> [Aim of the task]: Copy out all of the data word for word. Omit every picture.

> [Data extract]:
»»

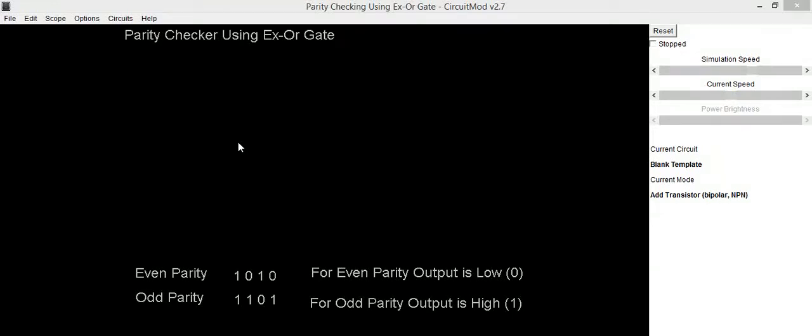Hello everyone, in this video we are going to implement parity checker circuit using XOR gate.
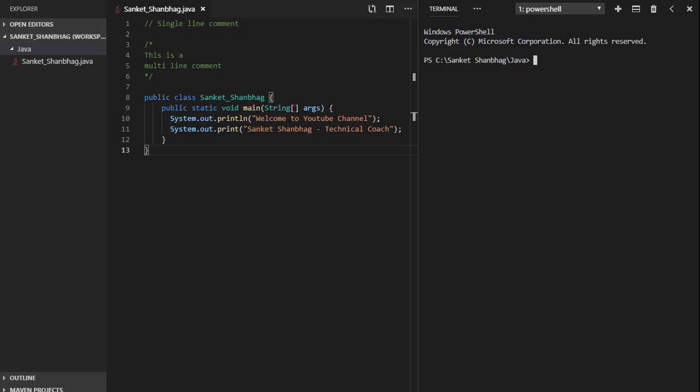In the first program, I am going to cover basics of Java. Java program should be saved with .java extension. Name of a Java file should be same as name of class in which main function exists.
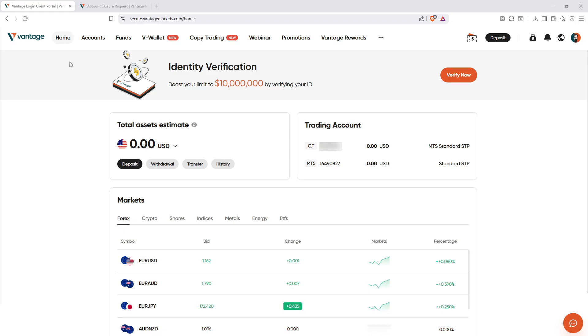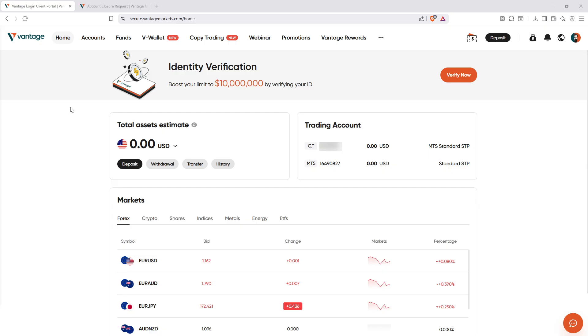To start, let's make sure that your account is in the right state for closure. You'll want to close all open trades. This means double-checking that you have no active or pending positions in your account. This step is crucial as unresolved trades can complicate or even prevent the closure process.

««

> [Task result]:
Hello everyone, in this video we are going to implement parity checker circuit using XOR gate.
In the first program, I am going to cover basics of Java. Java program should be saved with .java extension. Name of a Java file should be same as name of class in which main function exists.
To start, let's make sure that your account is in the right state for closure. You'll want to close all open trades. This means double-checking that you have no active or pending positions in your account. This step is crucial as unresolved trades can complicate or even prevent the closure process.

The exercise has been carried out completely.